Tom: Okay. You said that, obviously, the war impacted the original project, I mean, are you gonna continue some operations in Ukraine? And if so, what's the situation including, like, logistics, staffing challenges, equipment, that kind of thing?

Andrey: Of course you are right, and the war impacts greatly the activity of the company today. When we speak about the mining company, about Velta, we still continue our operations, we manage to perform all the contracts and all of our obligations are being performed until now. Although that's extremely difficult in the current conditions and every day we are overcoming many obstacles. And these are the obstacles, and these are the difficulties with the supplies of almost everything, of the details, of the maintenance parts, of the diesel, and one of the biggest problems which... All of them are big, but one of the very important one is the logistic, of course, because for now we don't have access for sea at all. So we can't make any shipments by sea like we used to do.

Tom: And in terms of recovering after this, it seems as if the Russians have been pushed back and the area that you're based, I assume, is free from Russian occupation now, right?

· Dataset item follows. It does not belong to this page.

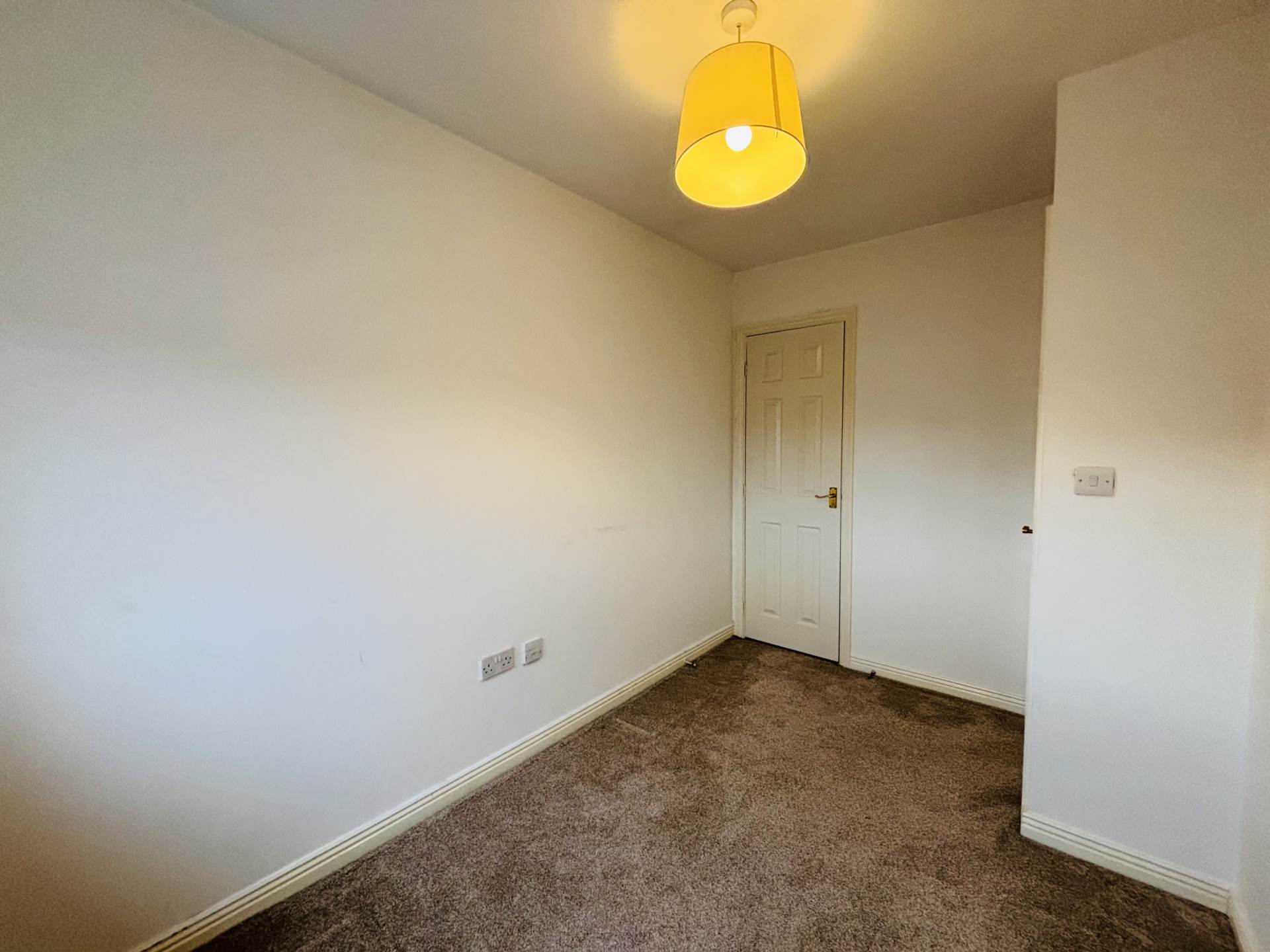 Yoxall Drive, Littledale,, Image 11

Andrey: If there were Russians we wouldn't work there for sure, that's...

Tom: So in terms of now recovering those operations, I mean, what do you need to do in order to continue business and then grow going forward?

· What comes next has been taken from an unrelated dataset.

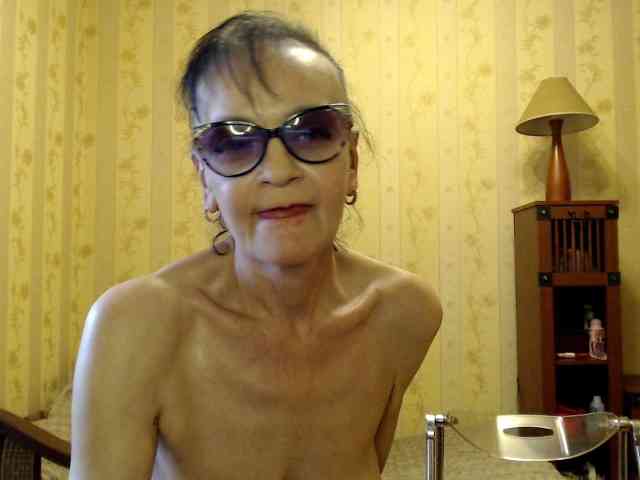 Valenttijm3851 webcam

Andrey: We need investment, we need finance, we need peace, and we need stability.

Tom: Let's hope that that happens sooner rather than later, for sure.

Andrey: I hope it to happen as soon as possible because every day our people are dying. Maybe in addition, I want to say a couple of words about the topic which we touched but I want to develop it a little bit more, that it's the Russia presence at this market. So I have my worries that when the war is over, some of the European customers, I will not name them right now but they will continue their cooperation with the Russian producer of titanium metal that is VSMPO-AVISMA. First of all, I see the danger in cooperation with Russia, in that fact that Russia has already proven itself as not reliable supplier in many different sectors, that is using the customers just to manipulate them from the political and economical point of views. I believe that NATO countries should adopt some policy of trying to avoid dependence on Russia and to gain independence, not only on the gas and oil markets, but also on the titanium markets.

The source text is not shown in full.